What this task involves: When you copy from the entries that follow, take only the lines from the one with "OOAK Rustic Shield" down to the one with "Daisy Street Daisy", keeping both ends and dropping every picture.

[[ Data section, beginning ]]

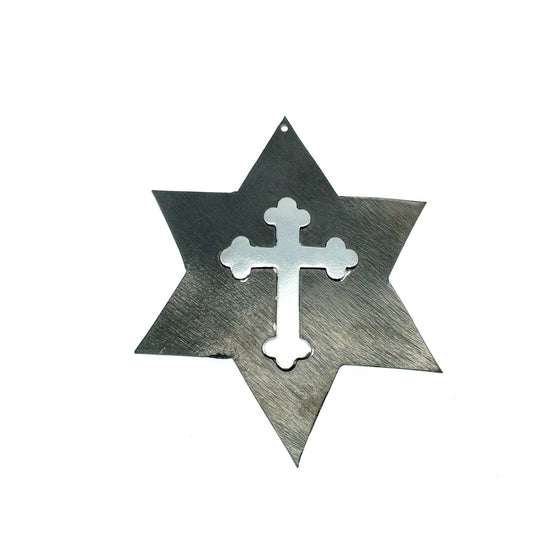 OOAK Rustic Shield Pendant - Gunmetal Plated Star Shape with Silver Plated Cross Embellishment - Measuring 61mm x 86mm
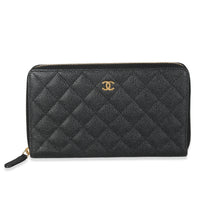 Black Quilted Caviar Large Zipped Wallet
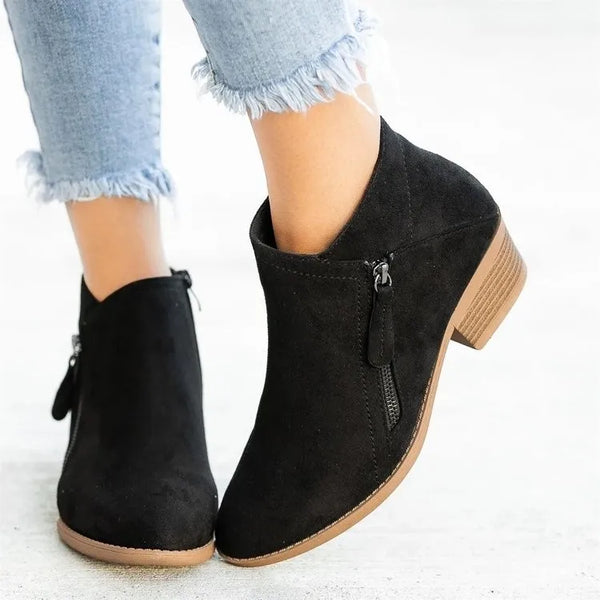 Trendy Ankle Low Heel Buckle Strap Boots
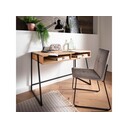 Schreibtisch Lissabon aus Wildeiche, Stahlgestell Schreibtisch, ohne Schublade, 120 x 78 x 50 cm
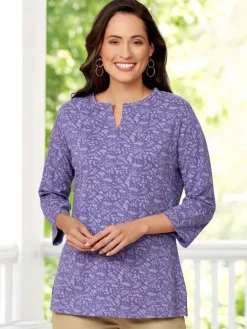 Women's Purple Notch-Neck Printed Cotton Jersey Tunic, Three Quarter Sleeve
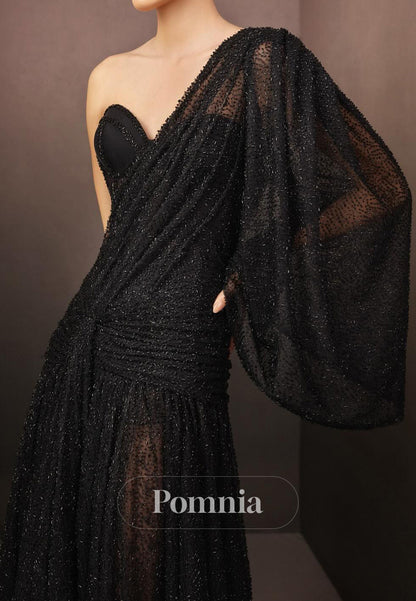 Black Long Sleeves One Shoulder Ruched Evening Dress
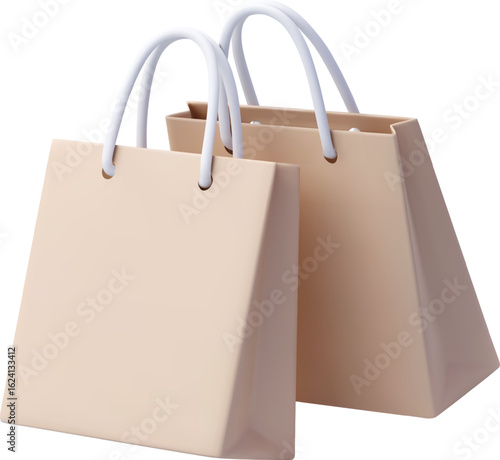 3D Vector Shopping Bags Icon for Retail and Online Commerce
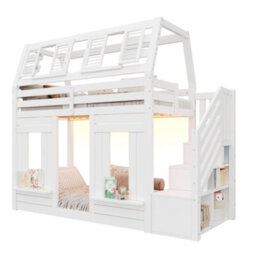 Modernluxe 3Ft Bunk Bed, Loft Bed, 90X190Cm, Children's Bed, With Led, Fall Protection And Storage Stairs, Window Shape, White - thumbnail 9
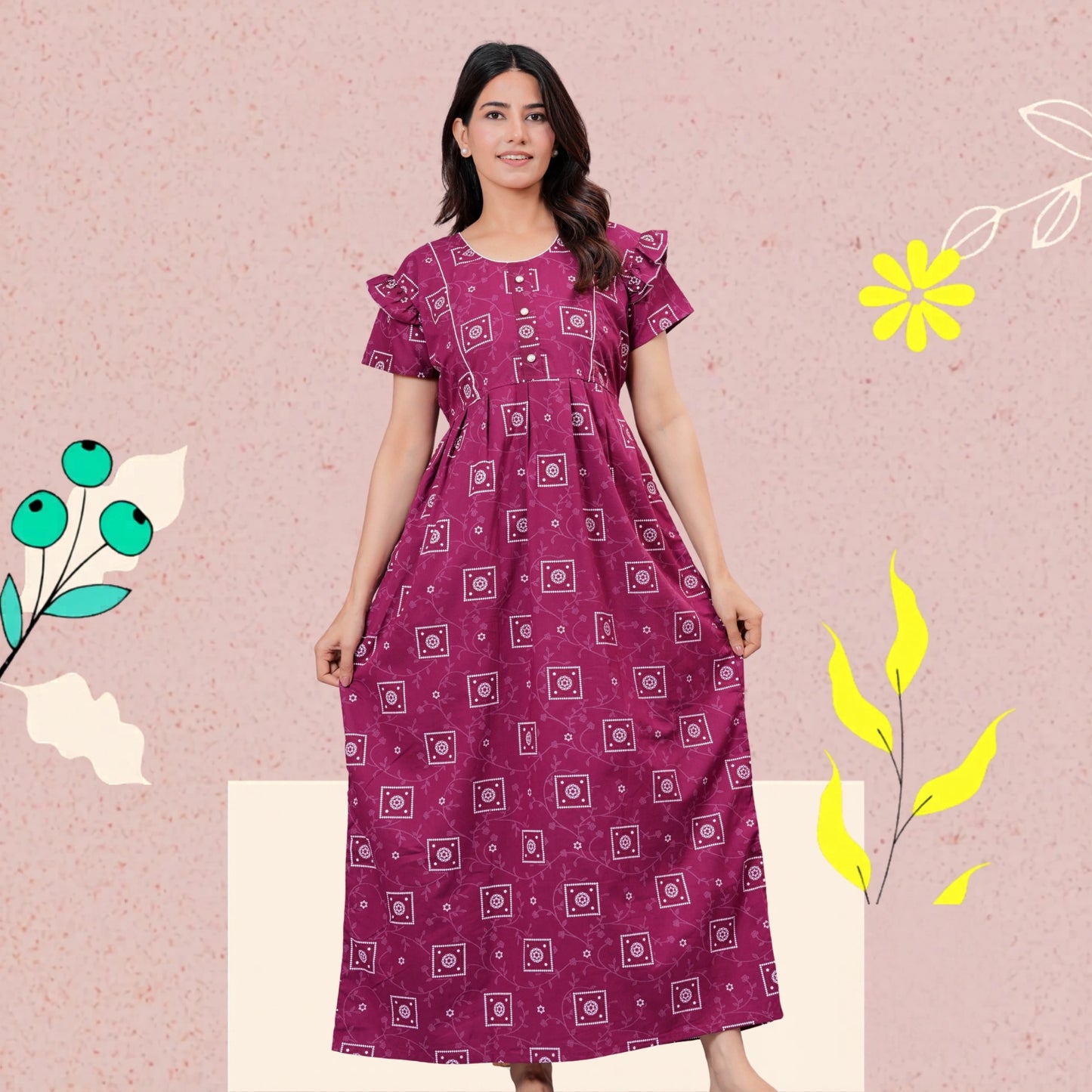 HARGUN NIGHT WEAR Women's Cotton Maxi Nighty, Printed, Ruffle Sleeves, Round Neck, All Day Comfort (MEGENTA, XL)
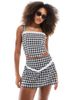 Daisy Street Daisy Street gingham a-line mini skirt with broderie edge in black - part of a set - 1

[[ Data section, end ]]
[[ Data section, beginning ]]

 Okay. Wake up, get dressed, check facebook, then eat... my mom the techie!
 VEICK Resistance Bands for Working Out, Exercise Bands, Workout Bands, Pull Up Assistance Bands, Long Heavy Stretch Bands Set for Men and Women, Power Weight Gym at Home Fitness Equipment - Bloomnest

[[ Data section, end ]]

Task output:
 OOAK Rustic Shield Pendant - Gunmetal Plated Star Shape with Silver Plated Cross Embellishment - Measuring 61mm x 86mm
 Black Quilted Caviar Large Zipped Wallet
 Trendy Ankle Low Heel Buckle Strap Boots
 Schreibtisch Lissabon aus Wildeiche, Stahlgestell Schreibtisch, ohne Schublade, 120 x 78 x 50 cm
 Women's Purple Notch-Neck Printed Cotton Jersey Tunic, Three Quarter Sleeve
 Black Long Sleeves One Shoulder Ruched Evening Dress
 3D Vector Shopping Bags Icon for Retail and Online Commerce
 Modernluxe 3Ft Bunk Bed, Loft Bed, 90X190Cm, Children's Bed, With Led, Fall Protection And Storage Stairs, Window Shape, White - thumbnail 9
 HARGUN NIGHT WEAR Women's Cotton Maxi Nighty, Printed, Ruffle Sleeves, Round Neck, All Day Comfort (MEGENTA, XL)
 Daisy Street Daisy Street gingham a-line mini skirt with broderie edge in black - part of a set - 1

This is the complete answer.